Tuesday, October 14, 2014

The Other Shoe Dropping - Redux

Okay, this had originally gone up in a slightly different format on Sunday, and because I wanted a bit more verification, I took it down for a bit, but today I was in communication with the nice folks at the Florida Attorney General's Office and feel that now there is sufficient fact that has sufficiently been checked.

So let's try this again, but with a few modifications.

Things used to be different.  It used to be that watches were made one at a time, by people who really cared about what they were doing.  And this was not down just to the watch maker.  People were fiercely proud of the watch brand that they worked for.  They IDENTIFIED with the company that they worked for, and it was downright shameful if the brand's reputation took a hit.

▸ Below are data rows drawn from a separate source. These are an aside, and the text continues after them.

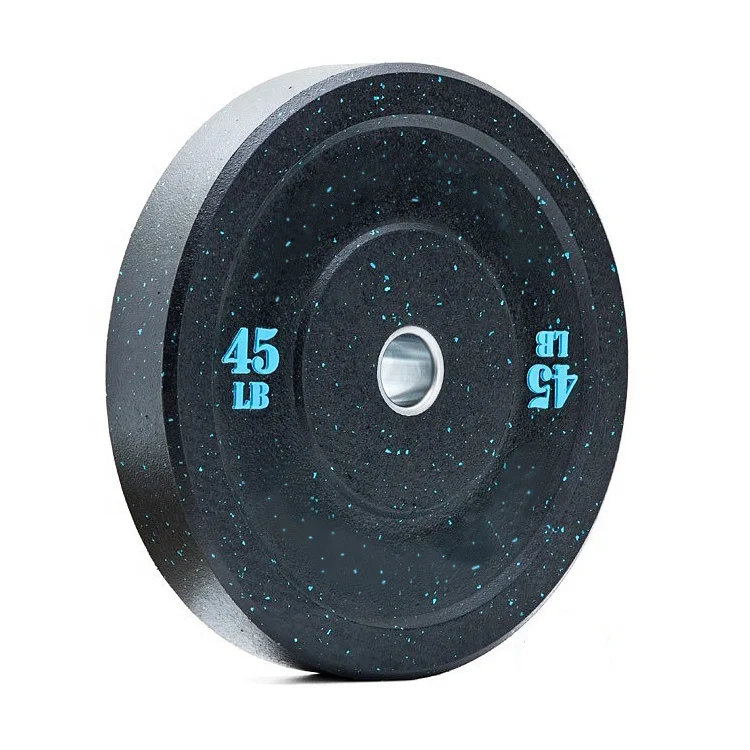 Hi-temp Colored Freeweight Bumper Plate For Weightlifting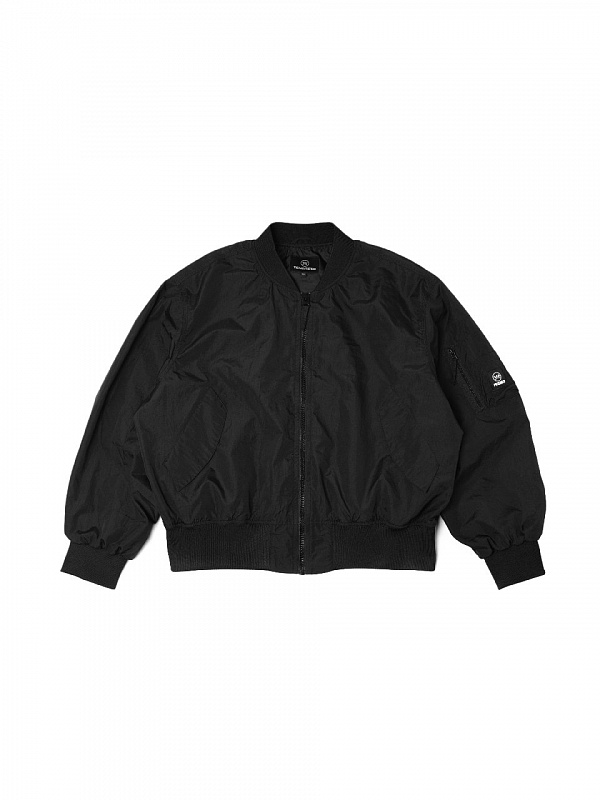 Бомбер THE BAD FRIENDS Basic Light Jacket черный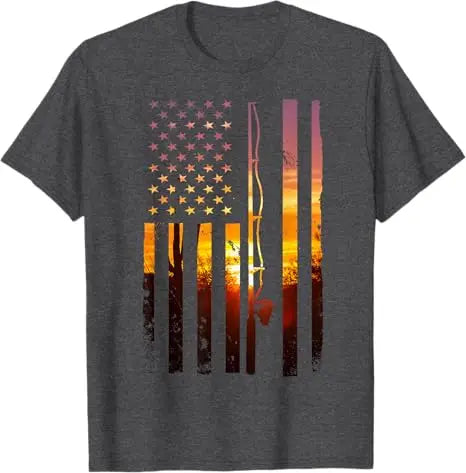 American Flag Bass Fishing T-Shirt – USA Fisherman Tee for Men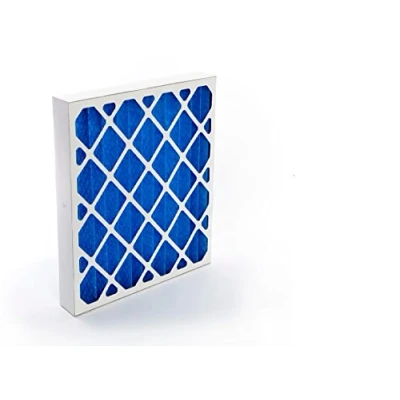 Imagen de GVS Filter Technology G4P.24.24.2.SUA001.002 Paneles filtrantes plisados G4, Azul/Blanco (Pack 2)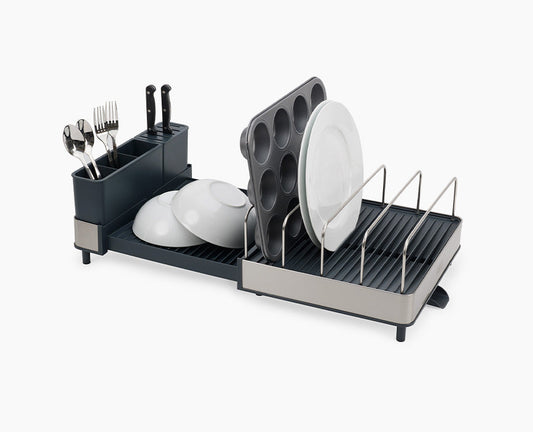 [hidden] Extend™ Max Steel Expandable Dish Drainer - 851690 - Image 1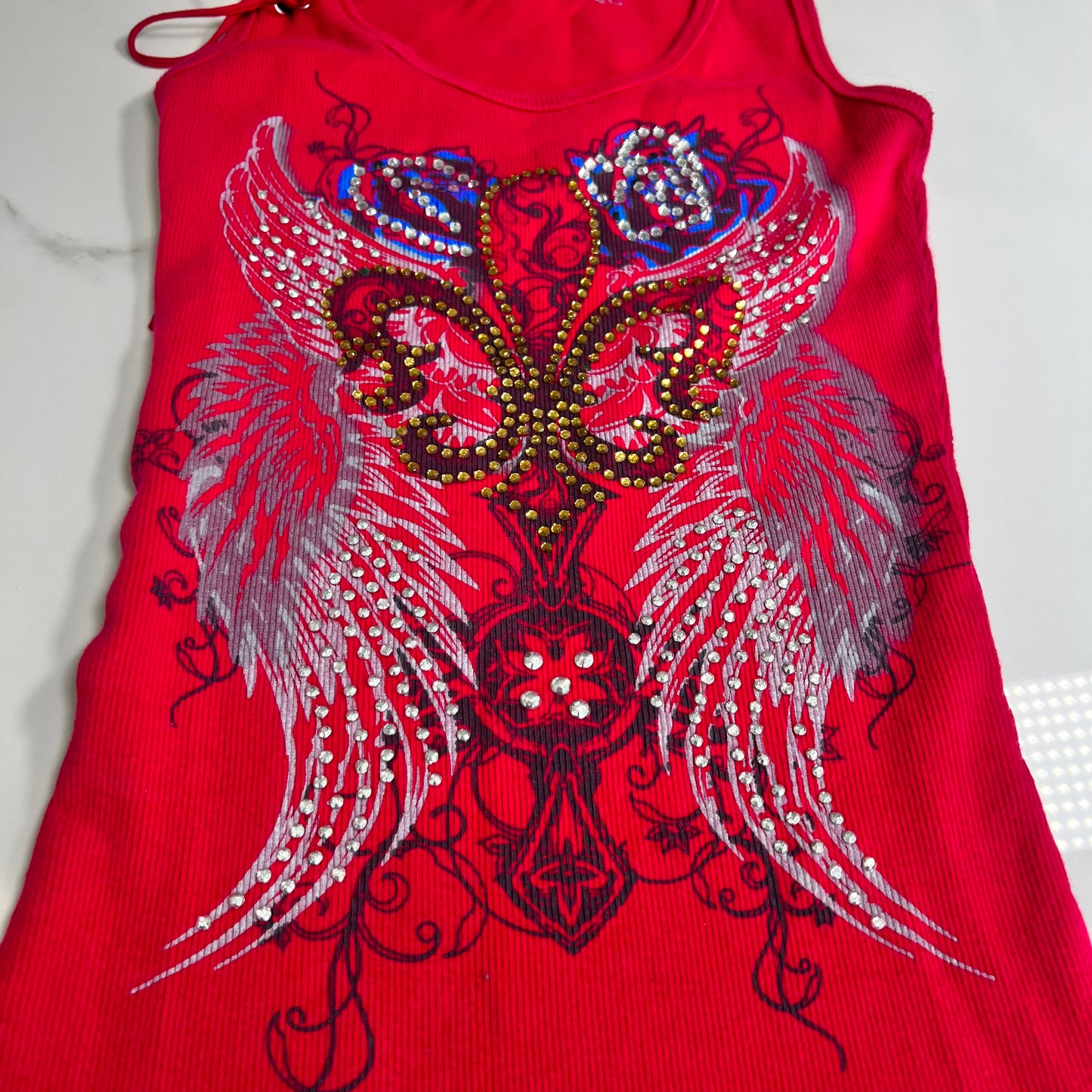 edgy tank top
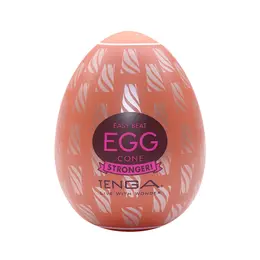 Tenga Egg Cone II Uređaj za intimnu stimulaciju Smeđi 1 kom
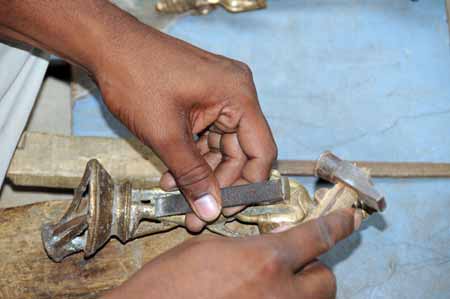 Indien Thanjavur - Bronze Workshop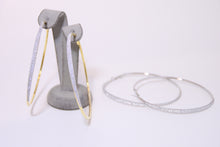 Load image into Gallery viewer, Shimmer Round Hoop Earrings
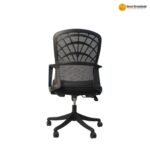 🪑 2356-A Black Ergonomic Mesh Office Chair | Foam Cushion & Iron Frame  Modern Design • Daily Comfort • Reliable Office Seating - Image 2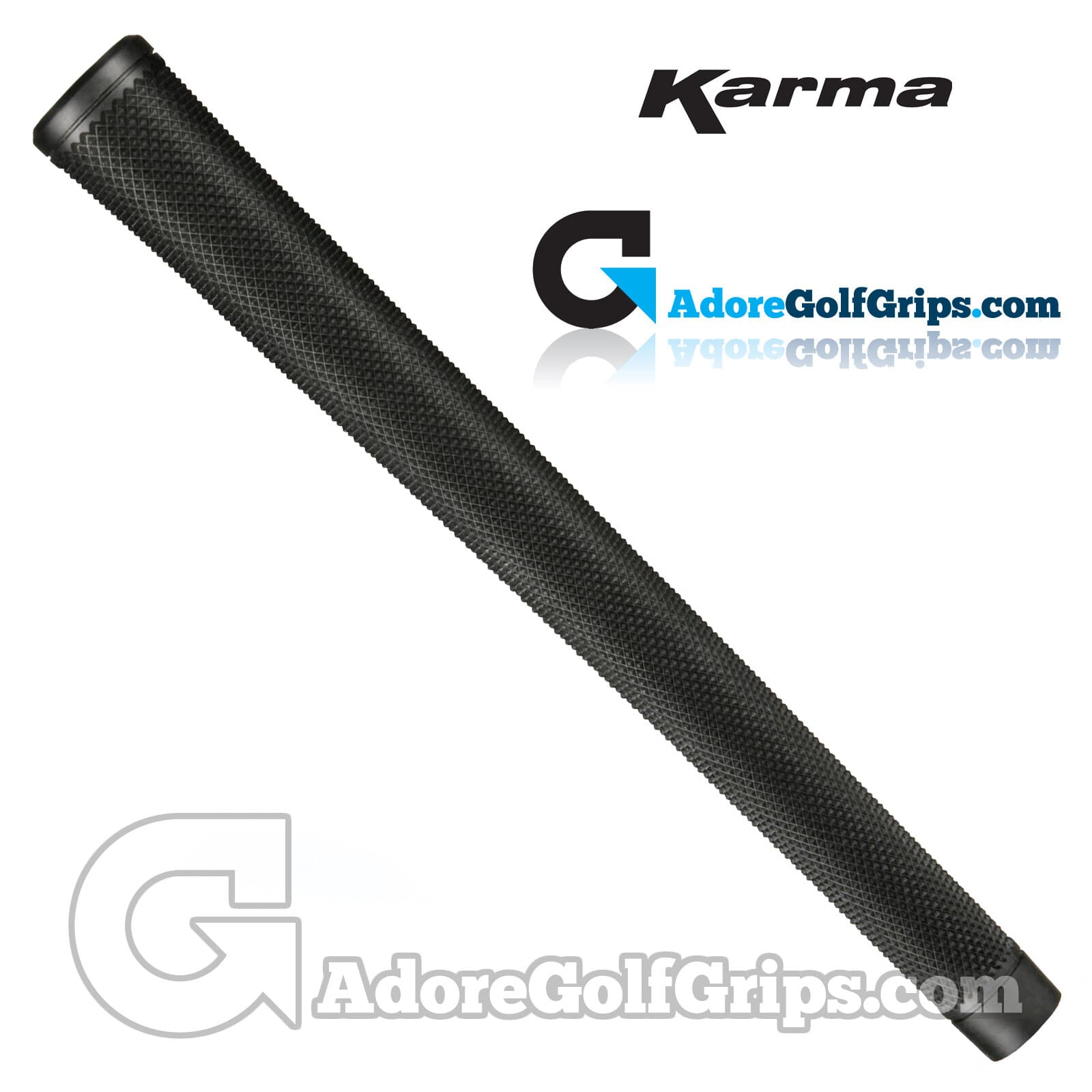 BRAND NEW - Karma Arthritic Serrated Jumbo PLUS (+5/32\") Grips - Black x 1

But it goes deeper than that - there used to be a deeper commitment - a stronger sense of responsibility to the CUSTOMER.  Someone who owns a pretty amazing jewelry store here in California whose opinion I hold quite highly was recounting a series of visits he made to Switzerland and the various factory tours to some of the most celebrated houses in the game.  It was always magical, exciting - a living press release.  Until they came to the after service department which nine times out of ten was a mere afterthought.  While a virtual army worked in R & D, haute horology, gem-setting, etc, after service was usually manned by one or two people, mountains of watches awaiting service - not unlike the shoemaker of the old children's story who was only saved by the elves who came in the middle of the night to complete his work.  I will not try to quote him because he is far more eloquent that I can hope to be, but the gist was:

"Stop worrying about and chasing after the customers you don't have.  Start worrying about taking care of the customers that YOU DO HAVE NOW!".

So back to my previous post and let's talk about YOU - let's talk about the CUSTOMER, let's talk about the way that things should be, and in many instances, sadly, the way that they are.

I'm going to reverse Clint Eastwood's title and we'll call this section the ugly, the bad - and we'll then talk about the good.

The Ugly & Bad (because in my eye they might as well be the same) - I'm sorry, but given the feedback I received today, Invicta - you are in the dog house.  That part is simply my opinion.  And personal opinion is barely worth the price of admission.  So I want to provide a simple, singular piece of  fact -

Invicta is currently under investigation by the Florida Attorney General's Office.  That is a pretty serious thing.  And without giving away too many details, let me boil down what the main thrust of the complaints are - on several documented occasions it is asserted by several consumers that Invicta delivered a defective product and then required their customers to not only pay to return the defective watch, but then made the customer wait what can only be considered unforgivable amounts of time for repairs to be completed.

Only going by what can be read online, and through some of the information I was provided with, I can say that at best Invicta is guilty of producing a sometimes poorly made watch.  But more and more it seemed to go much deeper than that.  Poor after sales support, customers chided, treated badly, hung up on, dismissed or ignored.  Repairs taking half of a year?  Repair costs exceeding the original purchase price of a watch?  And let's be clear, we are not talking about restoring a vintage Vacheron with parts needing to be fabricated, we are talking about large scale production of items of which we can assume hundreds, if not thousands were made and sold.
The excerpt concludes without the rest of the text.